授業力が向上する学習者主体の授業シミュレーター
Q:まずは自己紹介をお願いします。
A:相模原市立中野中学校で教務主任を務めております梅野と申します。担当教科は保健体育科です。2020年のコロナ禍において情報技術の必要性を強く実感し、それ以降、ICTを活用した授業研究や生成AIを活用した授業研究、教育活動に特に力を入れております。現場の教員として、常に新しい教育技術の可能性を追求し続けています。
Q:作られているモードの名前と概要、その背景と目的を教えていただけますか?
A:私が開発したモードは「ゼロ時間目の授業」と名付けました。これは、教師が一人で何度も模擬授業を行えるシミュレーターです。具体的には、教師が設定した問いや課題に対して、生成AIが多様な生徒を演じ、対話を通じて課題解決を目指していくというものです。 開発の背景には、現場の教員が抱える切実な課題があります。
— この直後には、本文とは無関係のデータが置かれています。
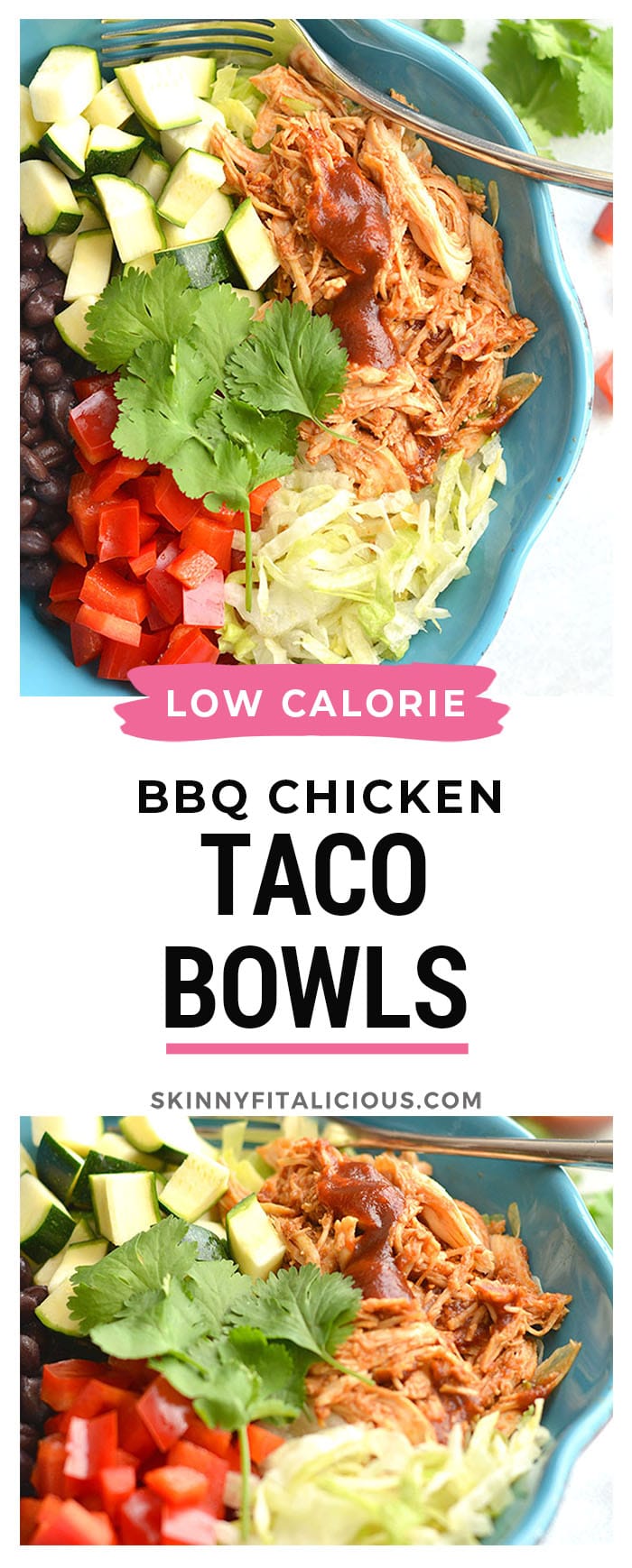 These BBQ Chicken Taco Bowls are the perfect combination of Mexican and summer BBQ flavors. A protein-packed, Gluten-Free, EASY meal prep recipe for a make ahead lunch or dinner. Gluten Free + Low Calorie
多くの教員は「主体的・対話的で深い学び」や探究的な学習を実現したいと考えていますが、自身がそのような授業を受けた経験が少ないため、具体的なイメージを持つことが困難です。また、1学年1クラスしかない場合や、同じ単元の授業が1年後にしか実践できないなど、授業改善の機会が限られているという現状もあります。 このモードは、時間や場所の制約を受けることなく、何度でも授業実践の経験を積むことができます。特に若手教員にとっては、生徒の学習する姿をイメージする力を養う助けになると考えています。教師の授業力向上と、それによる生徒の充実した学びの保障、これが「ゼロ時間目の授業」の最大の目的です。
Q:具体的な活用方法を教えていただけますか?
A:まず、教科と内容を設定します。例えば、中学校保健体育の「健康な生活と疾病の予防」単元「感染症の予防」を設定します。次に、思考を深める問いや課題を設定します。この設定が非常に重要で、うまくいかない場合は何度でも見直しが可能です。 システム上では、生成AIが演じる生徒A、B、Cが対話を始めます。特徴的なのは、21個用意された質問タブです。これらを順番に、あるいはランダムに選択することで、様々な方向から深い学びへとつなげていくことができます。また、教師が用意した資料を適切なタイミングで提示することで、より実践的な授業シミュレーションが可能です。 さらに、生成AIの活用方面についても、「課題解決」「多面的な見方の拡張」「語彙力・表現力の育成」「文章添削・評価」「メタ認知」など、様々な場面での活用方法を試すことができます。各場面での具体的なプロンプト例やタイミングまで提示されるので、実践的な活用イメージを掴むことができます。
Q:実際の導入効果や教員・生徒の反応はいかがでしょうか?
A:中学校区内の小学校、中学校の約60名の教員を対象に実技研修を実施しました。各教員が授業をシミュレートしながら、生徒や児童の対話を深める方法を探究しました。研修後のアンケートでは、約91%の教員が「授業研究として成果があった」と回答しています。 特筆すべきは、このシステムが従来の指導書や参考書とは異なり、教員自身が設定した問いに基づいて、仮想空間内の生徒との対話を通じて授業設計ができる点です。これにより、より実践的で柔軟な授業づくりが可能になっています。
Q:導入に際する注意点や浸透するための工夫について教えてください。
A:このシステムの最大の特徴は、生成AIとの対話を通じて理想の授業づくりを実現できる点です。ただし、プロンプトの入力方法が重要で、何度も試行錯誤を重ねる必要があります。 従来の授業設計支援ツールでは、途中で挫折してしまう教員も多かったのですが、このプラットフォームでは、21個の質問タブを通じて、段階的に深い学びへと導いていけるよう工夫されています。これは、21世紀型の新しい教育に必要な、探究的で主体的な学びを実現するための重要な支援となっています。
Q:今後の展望についてお聞かせください。
A:今後の展望として、ウェブ検索機能の実装を期待しています。また、画像や動画を作成・活用できる機能の追加も検討しています。テクノロジーの進化に合わせて、さらなる機能の拡張を目指しています。このシステムは非常に柔軟性が高く、活用方法は無限に広がる可能性を秘めていると考えています。
Q:スクールAIに興味を持っている先生方へメッセージをお願いします。
A:私自身、スクールAIのプラットフォームとの出会いは衝撃的でした。特に「ゼロ時間目の授業」の可能性には大きな期待を寄せています。生成AIの活用には確かにスキルが必要ですが、このプラットフォームを通じて、教員が深い学びのある授業を実現するためのサポートが得られます。 21個の質問タブは、21世紀型の新しい教育に必要な探究的で主体的な学び、対話的で深い学びを実現するための道具として機能します。ぜひ多くの先生方に活用していただき、それぞれのオリジナルな深い学びのある授業設計に取り組んでいただきたいと思います。